__Exercise objective__
Give back each line of the data exactly as it reads, minus the pictures.

Recorded information Start Marker

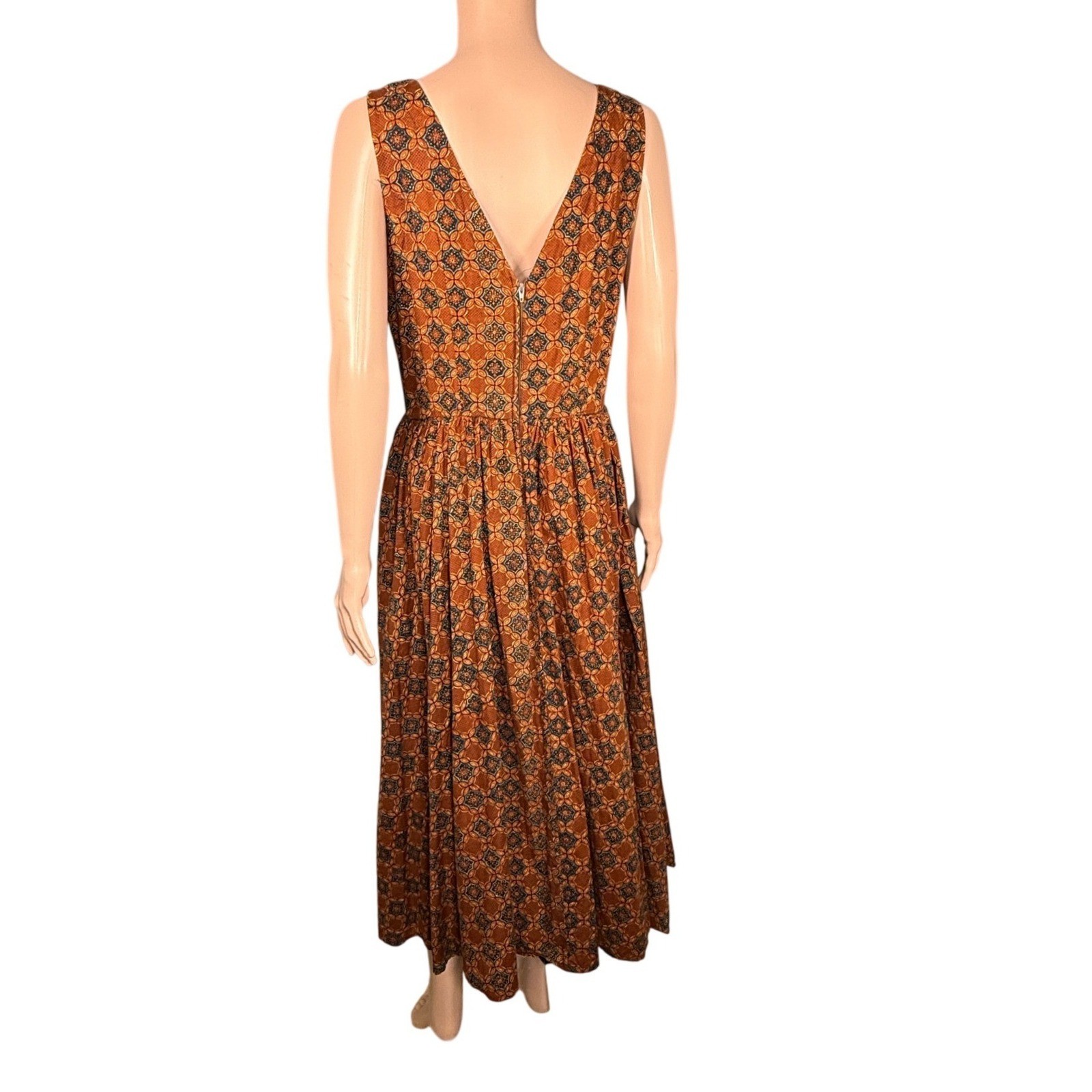 Vintage Saks Fifth Avenue The Kollection Batik Print Midi Dress Brown Yellow 12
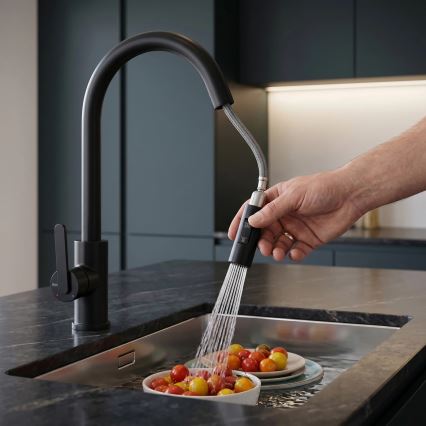REA-B6571 - Mitigeur d'évier à douchette extractible ONTARIO 38 cm noir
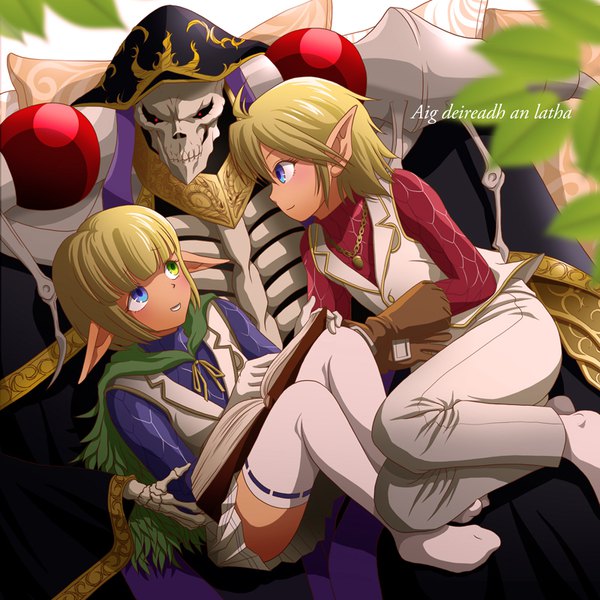Anime picture 800x800 with overlord (maruyama) madhouse ainz ooal gown aura bella fiora mare bello fiore k-ta blush fringe short hair blonde hair smile hair between eyes sitting payot looking away ahoge bent knee (knees) blunt bangs long sleeves pleated skirt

Recorded information End Marker

__Answer for this exercise__
 Vintage Saks Fifth Avenue The Kollection Batik Print Midi Dress Brown Yellow 12
REA-B6571 - Mitigeur d'évier à douchette extractible ONTARIO 38 cm noir
Anime picture 800x800 with overlord (maruyama) madhouse ainz ooal gown aura bella fiora mare bello fiore k-ta blush fringe short hair blonde hair smile hair between eyes sitting payot looking away ahoge bent knee (knees) blunt bangs long sleeves pleated skirt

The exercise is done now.